Выбрать главу

Тураах поморщилась: после изумрудных просторов Верхнего мира белизна снежного покрывала ослепляла. Знакомые лесные просторы казались чуждыми, а в ушах все еще звенел отголосок лошадиного ржания.

Зачерпнув полные ладони снега, она обтерла лицо, фыркнула от озноба и наконец-то почувствовала себя вернувшейся. Поднялась с колен, размяла затекшие ноги и повернулась к сосне, ставшей для нее тропой в Верхний мир:

– Спасибо тебе, лесная красавица!

Шершавый ствол откликнулся, обдал теплом закоченевшие пальцы. Тураах улыбнулась духу-иччи, обитающему здесь, и взглянула вверх.

– Крарх, пришла в себя? – спросила Серобокая, слетая с ветки на плечо Тураах.

– Угу, – говорить не хотелось. Только баюкать в себе чудесное воспоминание.

– Верхний мир посмотр-рели, в другой раз спускаться будем. В болотистые пустоши Нижнего.

Пустынный, почти сплошь медно-коричневый, изборожденный холмами, оврагами и провалами в пустоту, Нижний мир был по-своему прекрасен.

Здесь не было простора и шири Верхнего мира. Все было извилистое, запутанное, куда ни глянь, взгляд везде за что-то цеплялся, натыкался на преграды, и от этого Тураах было тревожно.

Она настороженно двинулась вперед. Поляну покрывали кочки, между ними, в низинах, скапливалась вода: дальше лежало болото. Кое-где из кочек торчали низенькие кустики, искривленные ветви их выглядели острыми. На небе висело светило, щербатое, как ущербный месяц, и мутно-желтое. Тусклое.

– Кто здесь обитает?

– Крарх, это пустынные земли, – не очень уверенно ответила Серобокая, – но остор-рожность не помешает.

Тураах обошла мутные лужицы и принялась изучать растение.

– Оно железное!

– Кра! – кивнула Серобокая. – Давай поднимайся вон туда, там обзор лучше.

Ворона взмыла в небо. Тураах, оторвав взгляд от странного растения, забралась на холм. Здесь рос кустик побольше. Его ветви украшали остренькие листочки. Тураах присела на корточки. Вот бы оторвать один и похвастаться Табате! Он-то в Нижнем мире еще не был. Но как это сделать? Она заглянула под растение: вдруг найдутся опавшие листья или сломанные веточки. Краем глаза она уловила на земле движение.

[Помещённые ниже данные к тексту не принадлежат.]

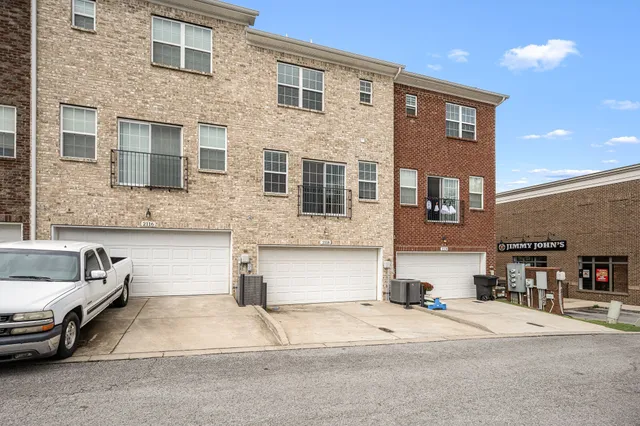 $1,829 | 2118 Middle Tennessee Boulevard, Murfreesboro, TN 37130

Ящерка! Медно-красная, с черным глазиком. Вряд ли такая малютка может быть опасной… Тураах протянула руку. Быстро перебирая чешуйчатыми лапками, ящерка скользнула влево.

Тураах на корточках, как и сидела, переместилась за ней и снова потянулась. Ящерка повернула голову.

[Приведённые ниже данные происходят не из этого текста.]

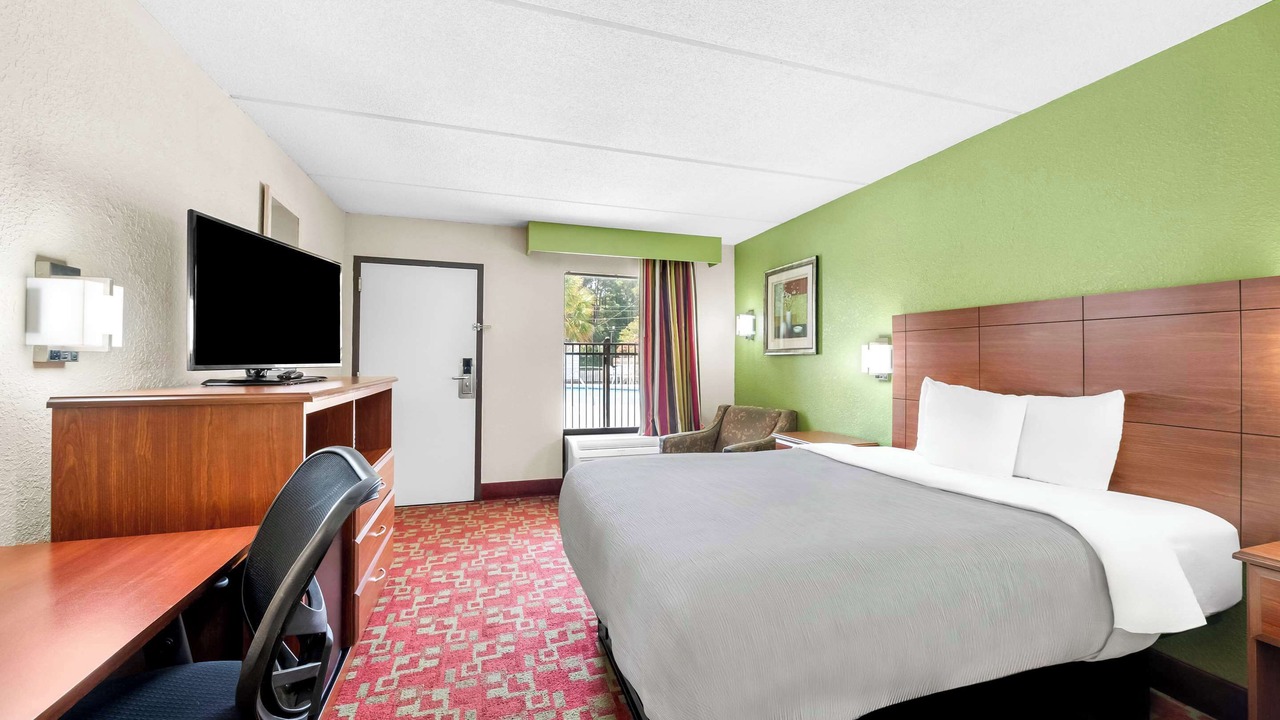 Photo of Bedroom in Selma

Спинка ее поблескивала медью, чешуйки на спине складывались в причудливый узор, а на лапках сверкали острые коготки. Еще немного! Тураах почти коснулась, но ящерка сорвалась с места, проследовала по краю мутной лужицы и застыла на самом краю узкого провала.

– Эй, не убегай! Я только погладить хочу! – шепнула Тураах и подкралась ближе. Ящерка сверкнула слюдяным глазиком, словно этого и ждала. Стоило Тураах подойти, она нырнула в провал.

Тураах заглянула во мрак. Там, в черноте, переливалось что-то красноватое. Попробовать дотянуться? Страшно…

Из-под земли зашипело. Тураах вслушалась: шипение складывалось в странную мелодию:

– Кутаар, кутаар, татаар-кутаар, поймай кутаар, обласкай кутаар.

Пение стало громче, в недрах провала заструилась огненная река.

– Поймай кутаар, обласкай тутаар, – нарастал шепот. Тураах медленно-медленно, словно во сне, начала раскачиваться в такт пению. Зачарованная, она склонялась все ниже. В шелестящем голосе слышался зов: – Тураах-Тураах, ты поймай кутаар, обладай кутаар.

Веки налились тяжестью. Руки ослабли, Тураах мягко ткнулась лбом в чуть осыпавшуюся землю у самого края провала.

– Обладай кутаар…

– Ну надо же, пташка в силках, – ворвался в убаюкивающее пение грубый голос. Тураах вздернули за шкирку, оторвав от земли. Перед глазами все еще пылала красная река. Тело не слушалось, отяжелевшие веки с трудом удалось разлепить.

– С каких это пор вороны в норах гнездятся, глупая девка? – огромными лапищами ее держал над провалом дархан Чоррун. Мощный торс кузнеца был посажен на нелепо короткие, кривые ноги, но не нашлось бы ни одного смельчака, рискнувшего посмеяться над его нескладной фигурой: в довесок к почти нечеловеческой силе и удивительному мастерству Чорруна прилагался крутой нрав.